Search code examples
apache-sparkhive

Hive table partition by year month and day query


Hi I am using a hive table partitioned by 3 columns (year, month and day). I have the data in below format.

/table1/year=2024/month=1/day=20/file1
/table1/year=2024/month=1/day=16/file1
/table1/year=2024/month=1/day=9/file1

Need help to write a select query to get all the records from the latest year, month and day partition dynamically.

Below is the query with hard coded values and I need dynamic query for the same. Thanks

Select * from table1 where year=2024 and month=1 and day=20;


Solution

  • You can calculate those columns using year(), month(), and day() functions on sysdate()
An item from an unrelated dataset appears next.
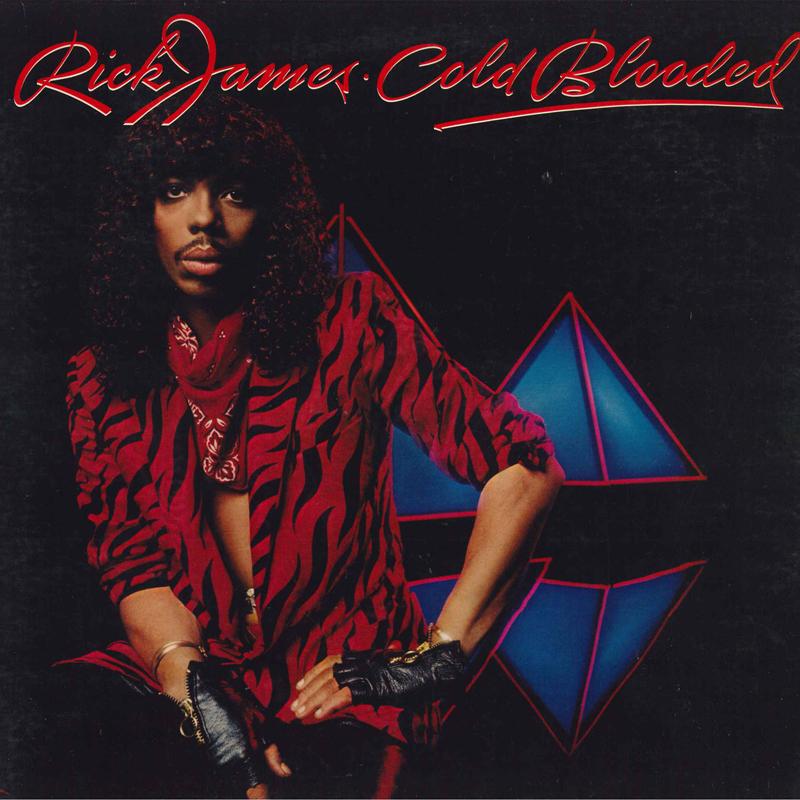 LP Record RICK JAMES - Cold Blooded 6043GL GORDY 1983 US Soul/Funk Used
    Select * from table1 where year=year(current_timestamp()) and month = month(current_timestamp())  and day=day(current_timestamp());
    

    if you dont know what is max partition in the table, you need to use below SQL -

    select * from table1  
    join (
    select max(from_unixtime(unix_timestamp( concat(day, case when length(month)=1,'0','' end,month,year)  , 'ddMMyyyy'))) as dt from table1) maxdt on 
    from_unixtime(unix_timestamp( concat(day, case when length(month)=1,'0','' end,month,year)  , 'ddMMyyyy')) = maxdt.dt
    

    the subquery maxdt in inner join returns max date of the partitions.